You would think that the Treasury, cognisant of the fact that energy prices will be much lower anyway, would increase the amount budgeted in the LCF. But no. Rather the Treasury appear to be using the situation to cut back on renewable energy. The Department of Energy and Climate Change is reduced to being little more than a public relations cover for all this in the process.

The UK will fall a long short of its EU target of supplying 15 per cent of its energy through renewables by 2020. This includes all energy, note, just just electricity, and we would need well over 30 per cent of electricity to come from renewables to meet this target. The EU target could only be met if the UK greatly accelerated its deployment of renewables in the next five years, especially in the last 2-3 years. Yet all the signs are that the Treasury will ensure that this is precisely the time when the programme will be more or less shut down.

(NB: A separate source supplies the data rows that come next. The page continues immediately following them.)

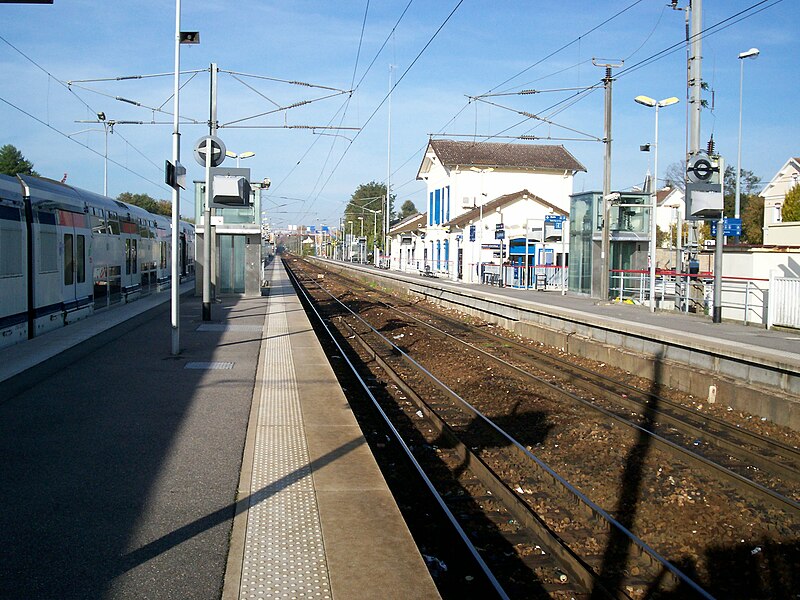 File:RER E - Gare Tournan 6.JPG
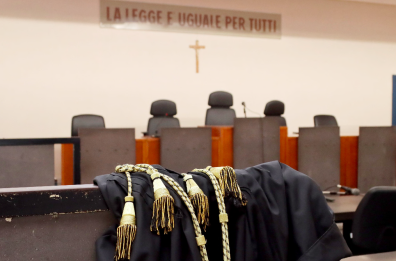 Taranto, donna assolta per il morso ai genitali dell'ex fidanzato. Il giudice: «È stata legittima difesa»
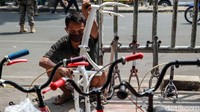 Pedagang mengecat ulang sepeda lama untuk dijual kembali di kawasan Tanah Abang, Jakarta Pusat, Rabu (2/9/2020).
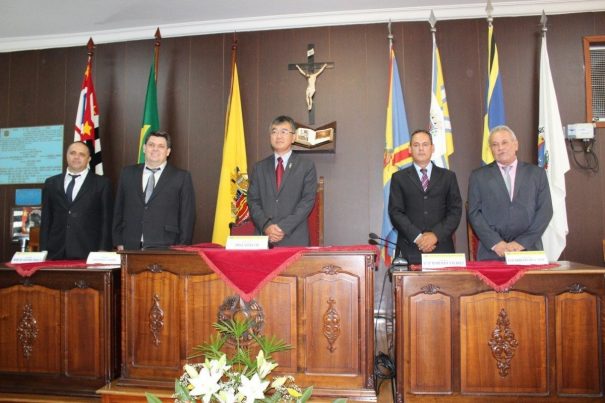 Mesa eleita: segundo secretário Marcos Gaúcho, primeiro secretário Cristiano Gaioto, presidente Jorge Setoguchi, primeiro vice-presidente Robertinho e segundo vice-presidente Chupeta. (Foto: Diego Ortiz)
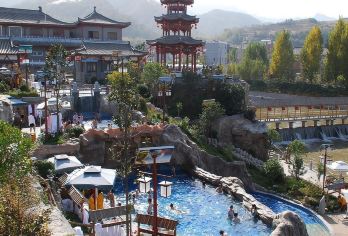 白鹿原影视城+ 汤峪碧水湾温泉*泡汤康养休闲养生*三环内接送【精品小团+西安三环内上门接送+专车出行+服务热情周到出行无忧】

See some details on http://www.solarpowerportal.co.uk/news/solar_subsidies_could_fall_foul_of_lcf_overspend_report_says_1891#.VZJLSpHdsSs.twitter

Wednesday 17 June 2015

Pressure grows for blank cheque for nuclear power



Now that it is plain that nuclear power has failed miserably to compete with renewable energy even on the somewhat skewed playing field represented by the (proposed) Hinkley C deal, nuclear supporters are trying to engineer a 'blank cheque' to be given to  nuclear developers. That would be the outcome of the call, made in a report issued by the Institute for Public Policy Research (IPPR).

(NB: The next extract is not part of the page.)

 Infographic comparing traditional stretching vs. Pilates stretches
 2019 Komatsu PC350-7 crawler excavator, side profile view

The IPPR favour developing nuclear power as a publicly owned development, on the same basis as projects like HS2. There would be a 'cost plus' contract given to the nuclear power developers, who could, and no doubt would, be able to waste taxpayers money on a grand scale without any risk to their own profit margins. IPPR have finally cottoned on to the fact that nuclear power stations never get built on a competitive privately owned risk basis.

The fact that that nuclear power is so uncompetitive that it needs this sort of treatment should lead us to the conclusion that it is much better to spend the money on something else, renewable energy for example, of which there is no shortage. But no, the calls of the British engineering establishment must be met, no matter how mid-20th century they may be!

Curiously the IPPR report exaggerates the prices paid to onshore and offshore wind. The latest 'contracts for difference' issues to these technologies are at £80 per MWh and £120 per MWh, yet the IPPR puts them as being more expensive (see page 29). Maybe the IPPR should get its reports peer reviewed more carefully.

More seriously the IPPR is close to the Labour Party. It would be rather unfortunate if the Labour Party supported the IPPR's approach and came out as being, in effect, more pro-nuclear than the Conservatives if it adopted a 'blank cheque' approach. Jonathan Reynolds, Labour's energy spokesperson has indeed backed the report with a twitter message. Electricity Market Reform was dreamt up to fund new nuclear. That failed. Now were going to have the spectacle, sometime in the future (if Labour gets in next time) of policy once again being distorted to give a failing dinosaur technology supposed priority over renewable energy.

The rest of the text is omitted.